Tick Identification and Lyme Disease

Lyme disease is a bacterial infection often transmitted by a bite from an infected blacklegged tick (or deer tick, Ixodes scapularis). Ticks are found in wooded areas and yards. Ticks crawl (not jump) onto a host and bury their mouth into the skin to feed off the host's blood. Tick.jpgThey may remain undetected by the host for several days before dropping off when they are done feeding.

Tick Identification

If you find a tick on you or a family member, you can bring it to the Health Department during normal business hours for identification.

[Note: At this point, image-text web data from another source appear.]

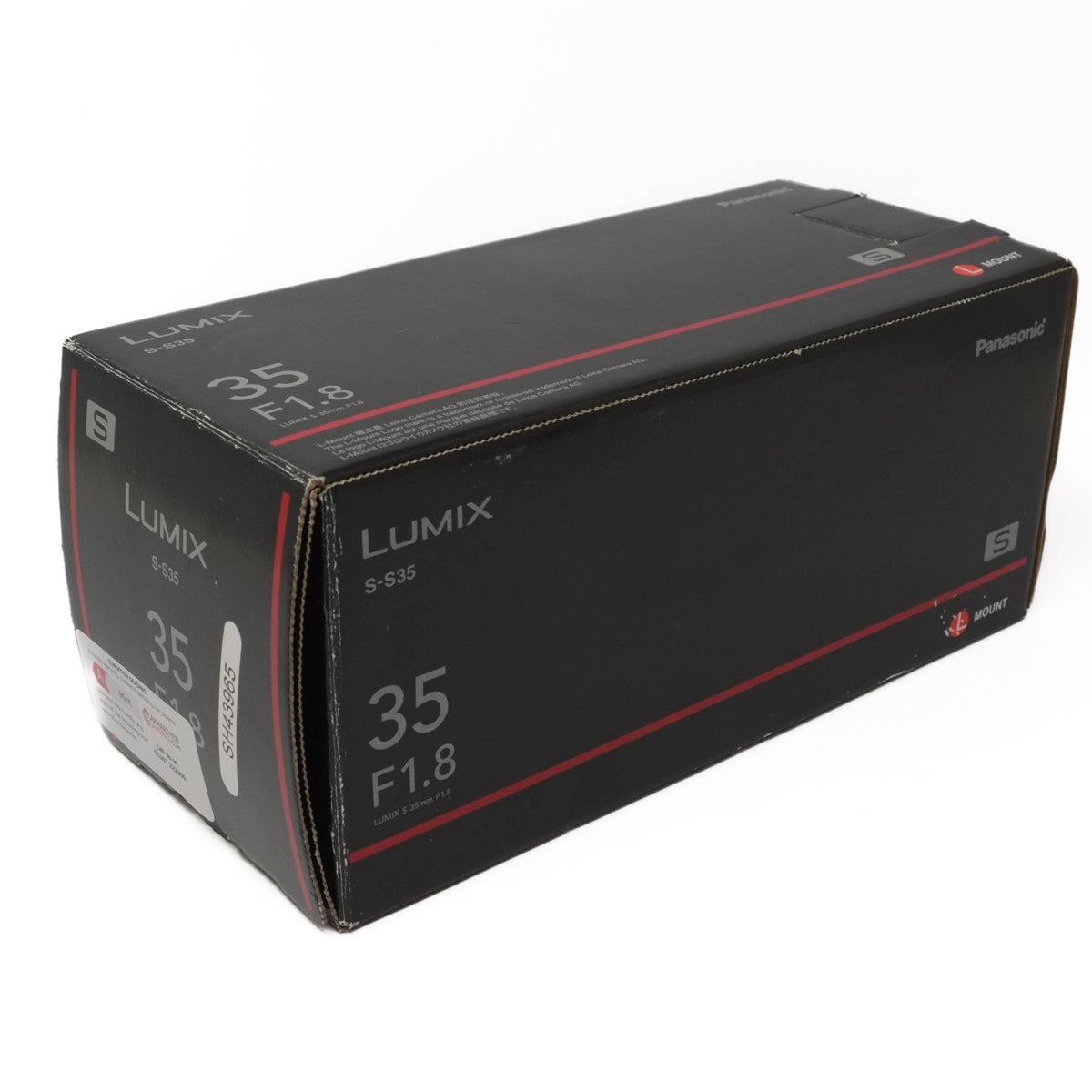 Black Lumix camera lens box with red accents on a white background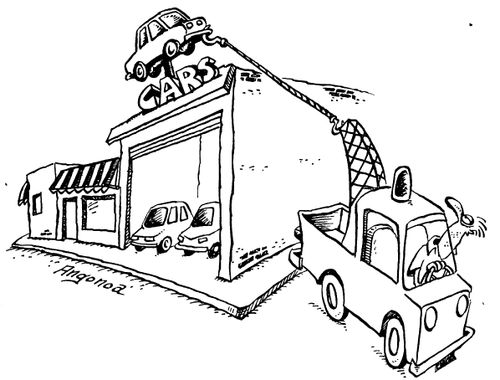 Towing truck pulling car from top of car show room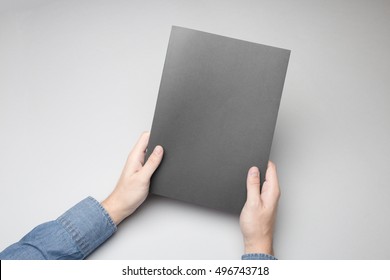Hands holding closed Notebook. Blank cover Mock-up.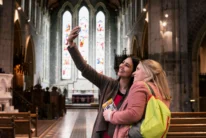 Two happy female friends taking a selfie inside a historic church with stained glass windows, holding a guidebook ALT_TEXT_TRANSCRIPTION: visible guidebook text "KILKENNY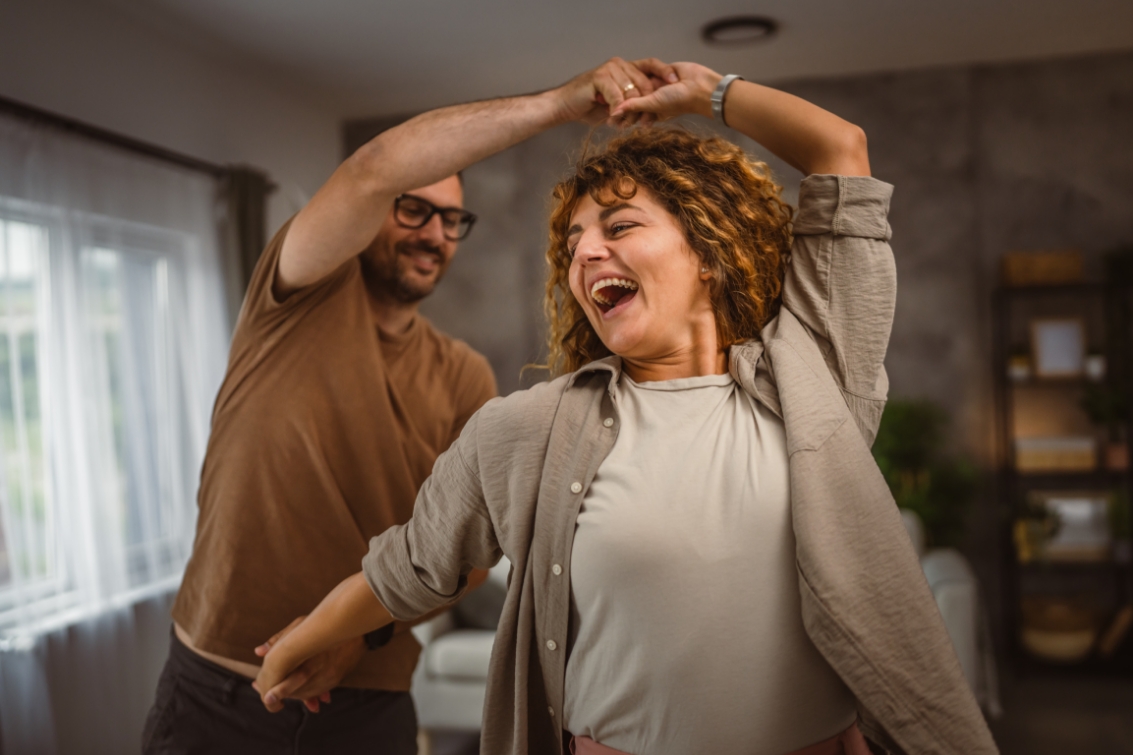 a couple dancing in their living room in middletown, oh
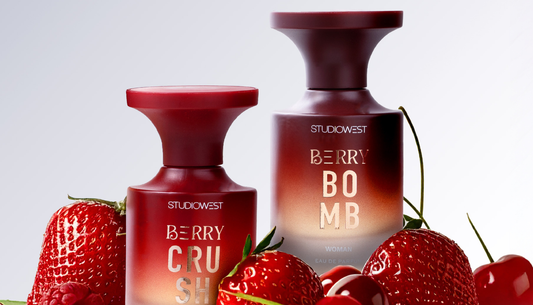 Woman applying perfume, representing Westside Studiowest fragrance collection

If you find a tick embedded in your body, remove it promptly, carefully, and using the proper technique. Use tweezers to grasp the tick by its mouth parts close to your skin. Pull straight back with a slow, steady force. Try not to squeeze or crush the tick's abdomen or body, because this could separate the tick from its mouth parts, leaving them in your skin. Do not use matches, petroleum jelly, or alcohol in the removal process.

Click here for a photo and more information about the best way to remove a tick.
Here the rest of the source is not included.